# Given records
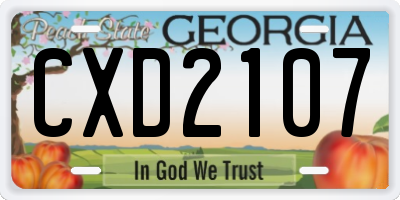 GA license plate CXD2107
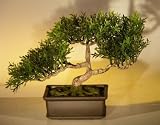 Bonsai Boy's Artificial Japanese Tea Leaf Bonsai Tree by Bonsai Boy Best Buy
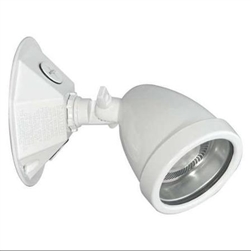Dual-Lite OCRSW1203L 12V, 3W LED Decorative Outdoor Remote Lighting Head, Wet Location, Single Head, White Finish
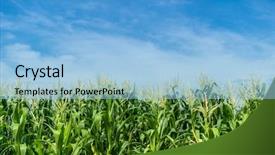  Presentation with corn field - Amazing PPT theme having food grains cultivation - corn field plantation in sunny backdrop and a light blue colored foreground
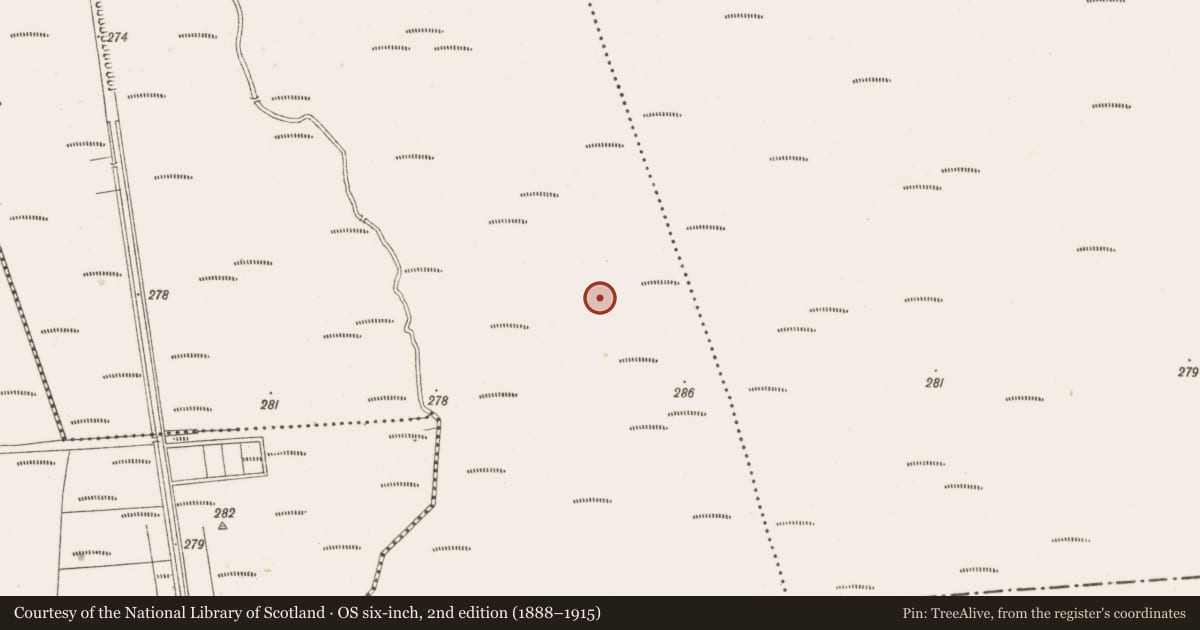 Ordnance Survey six-inch map, 2nd edition (1888–1915) covering the location of Post row - peatland, Island, County Offaly, with a pin at the register's coordinates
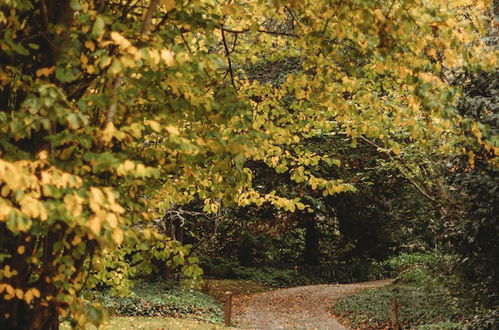 Photo 78 - Weardale Estate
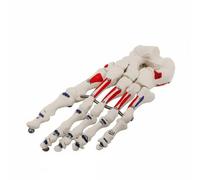 PETSOLA Human Skeletal Joint Model Bone Model Ligament Model Realistic Joint For Study Suitable for Nursing Education Therapy Consultation Medical Office Display, Muscle Foot Bone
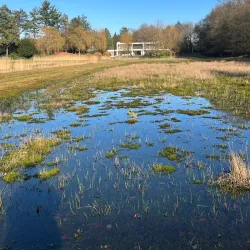 Goois Natuurreservaat - Bussum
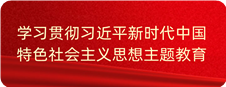 学习贯彻习近平新时代中国特色社会主义思想主题教育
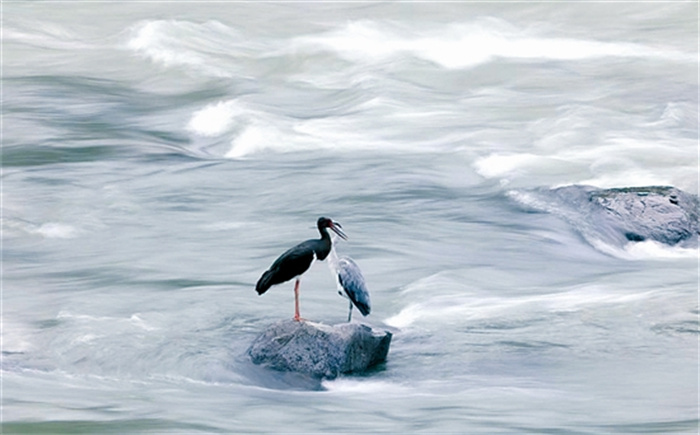 wangdd3739_b.jpg wangdd3739_b.jpg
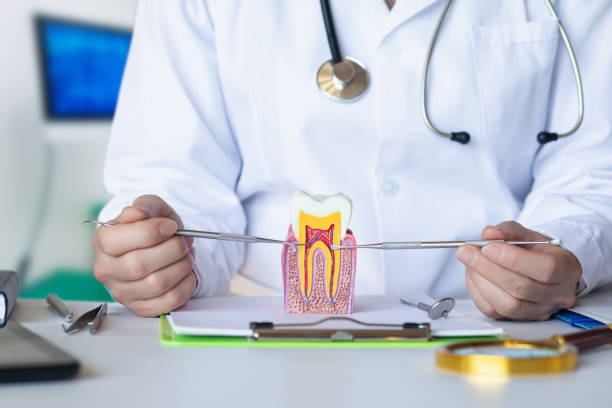 Best Emergency Dental Care for Broken or Chipped Teeth in Glencoe, AL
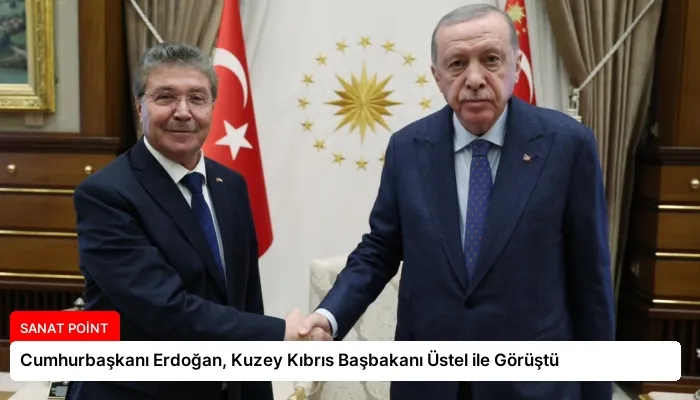 Cumhurbaşkanı Erdoğan, Kuzey Kıbrıs Başbakanı Üstel ile Görüştü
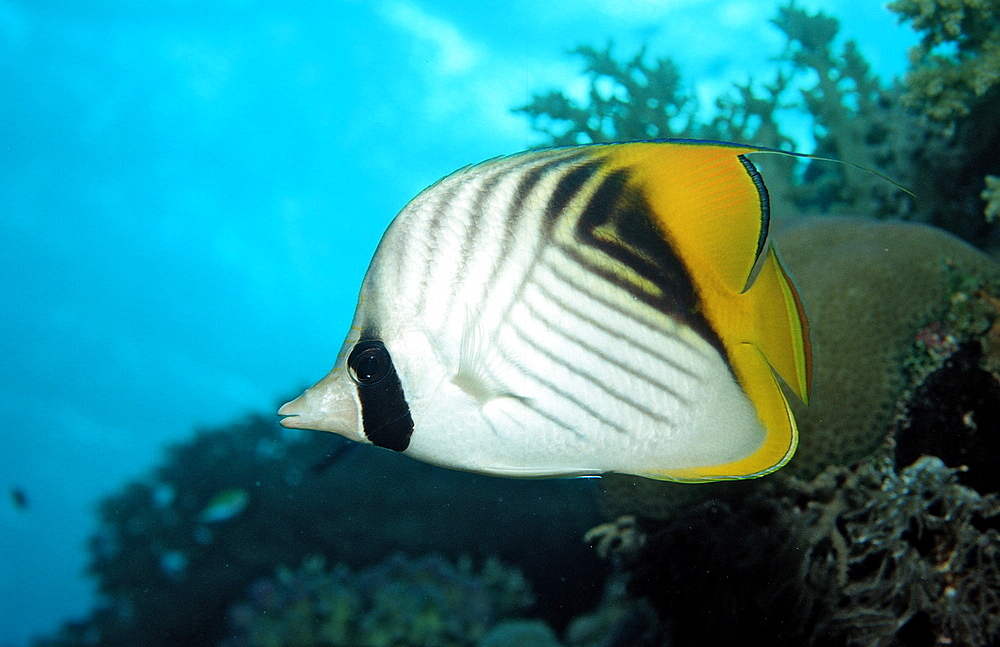 Threadfin butterflyfish (Chaetodon auriga), Sudan, Red Sea, Africa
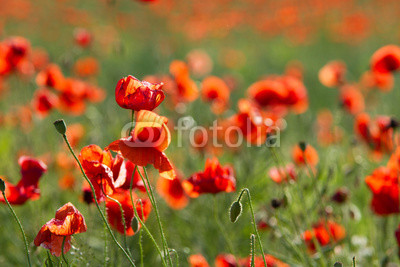 Whole poppy field 1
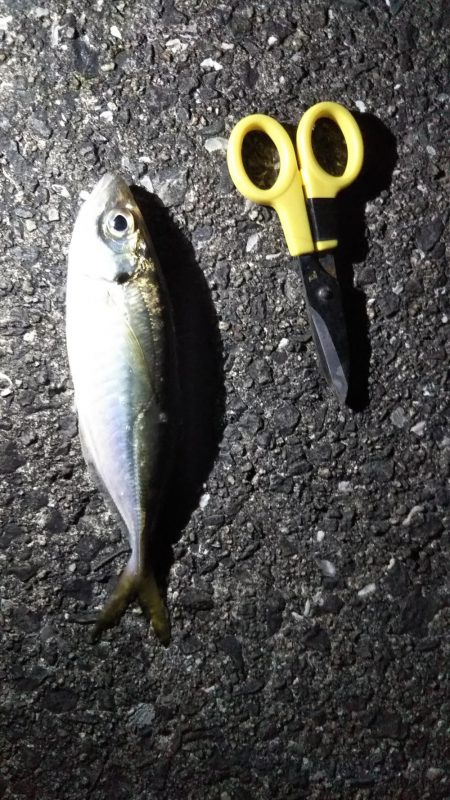 やや大きめアジゲット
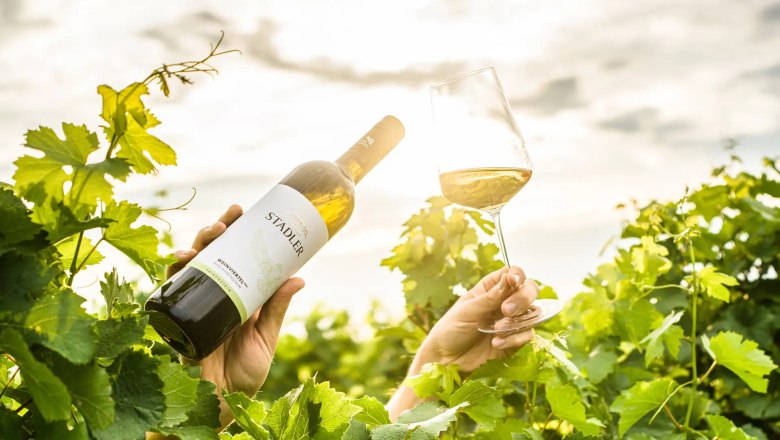 One hand holds a wine bottle, another a wine glass in a vineyard in the sunlight.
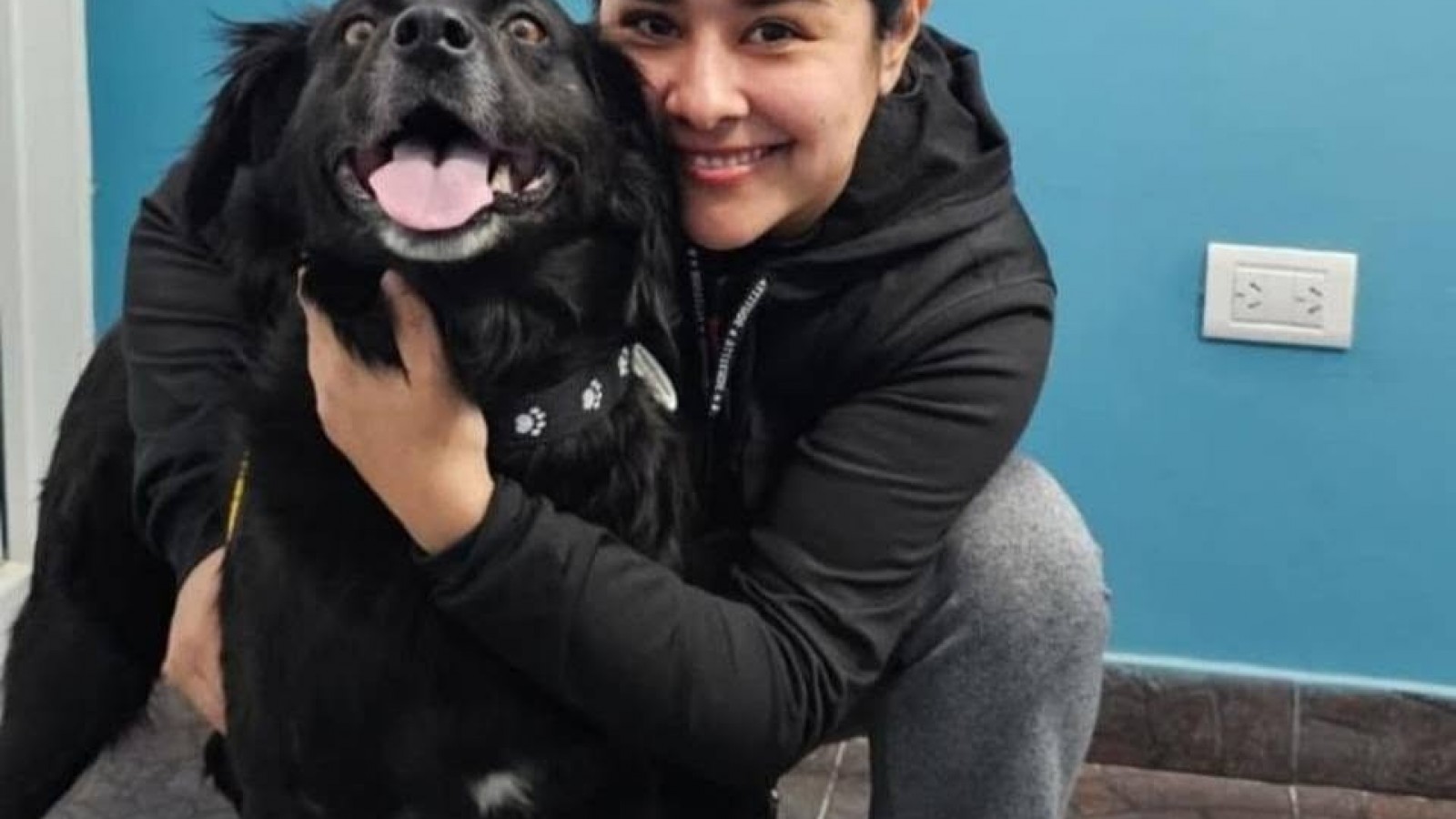 Puerto Madryn: encontraron a un perro herido y ahora tiene una familia que lo adoptó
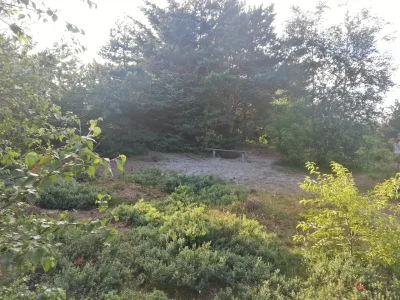 Blåbjerg Klitplantage, Lønne billede 3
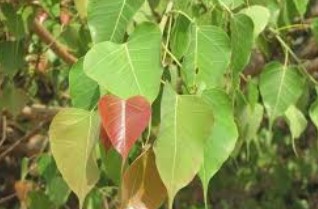 पिंपळाचे पान ठरते आरोग्यदायी; फुफ्फुसाचे आरोग्य राखता येतेच अन् अनेक औषधी गुणधर्मही मिळतात…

# Work to complete
Every line above in the stretch from the one with "wangdd3739_b.jpg wangdd3739_b.jpg" through the one with "One hand holds" is to be transcribed exactly, ends included. No picture is copied.

# Your solution
 wangdd3739_b.jpg wangdd3739_b.jpg
 Best Emergency Dental Care for Broken or Chipped Teeth in Glencoe, AL
 Cumhurbaşkanı Erdoğan, Kuzey Kıbrıs Başbakanı Üstel ile Görüştü
 Threadfin butterflyfish (Chaetodon auriga), Sudan, Red Sea, Africa
 Whole poppy field 1
 やや大きめアジゲット
 One hand holds a wine bottle, another a wine glass in a vineyard in the sunlight.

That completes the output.